The best approach would be storing those images in filesystem and ids on database. Because of performance and maintenance reasons. Backing up and restoring would be much easier on filesystem and pushing the DBMS for such a work is not the best idea, you will need to transfer them from db to application and then push to the client. I just believe that's not it's job. Put a lighttpd daemon or something for image hosting and leave it do its job.
But if you like the idea, since you are going with sql server 2008, you can use FILESTREAM to store your images in your tables. Eventually, it will create files in a storage location that you choose and store the binary data in filesystem while providing transactional features and data integrity, it is a big bonus. Take a look at that option. As I remember, that performs good and the actual database will be much compact.
About the dynamic resizing, I say avoid that.

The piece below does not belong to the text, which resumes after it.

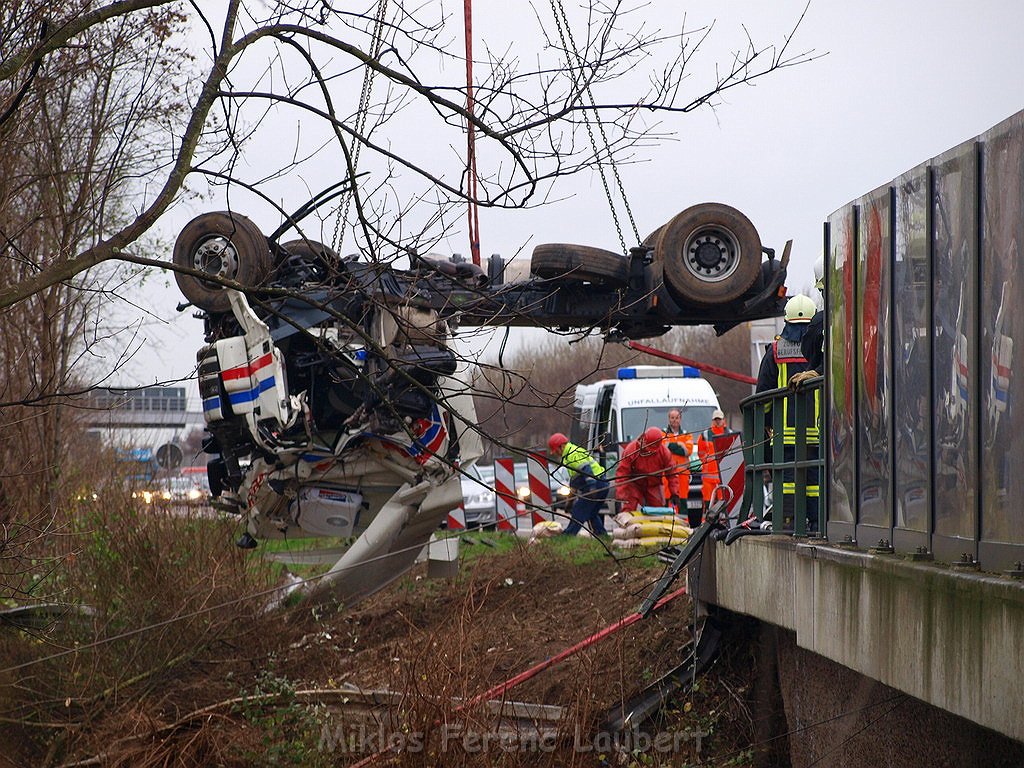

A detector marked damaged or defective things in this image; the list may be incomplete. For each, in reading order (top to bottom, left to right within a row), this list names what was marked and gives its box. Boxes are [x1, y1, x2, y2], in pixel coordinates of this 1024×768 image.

overturned truck [172, 204, 786, 606]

Storage is cheaper than CPU time, just create variety of thumbnails and watermarked versions upon upload time and store them once in somewhere then use when required. Do not perform same operations again and again. You may do that at first request to the resized version, this way it will be easier to add new versions or purging the cache periodically to remove unused files. You will also be able to backup just the original versions.
Putting the images in the database has a couple of advantages. ACID tanscations and backup consistency come to mind. If you absolutely need that then put the images in the database. As you pointed out, this comes with a price: you'll need a huge database infrastructure like machines, licenses, operation team. Each image retrieval is a huge DB I/O effort.
A lot of things will be much easier with only storing metadata in the DB and putting the image blobs on a filesystem.
Two approaches to come to a decison:
What is the killer feature you absolutely (absolutely like in "if I don't have that, the whole thing will not work at all") need from the image-in-database approach? If there is one, go for it
Do a back-of-the-napkin business case, calculating the total cost of the image-in-database approach (project efforts, infrastructure, machine, license, operation) and compare that with an image-in-filesystem approach. That should give some hints on how to proceed.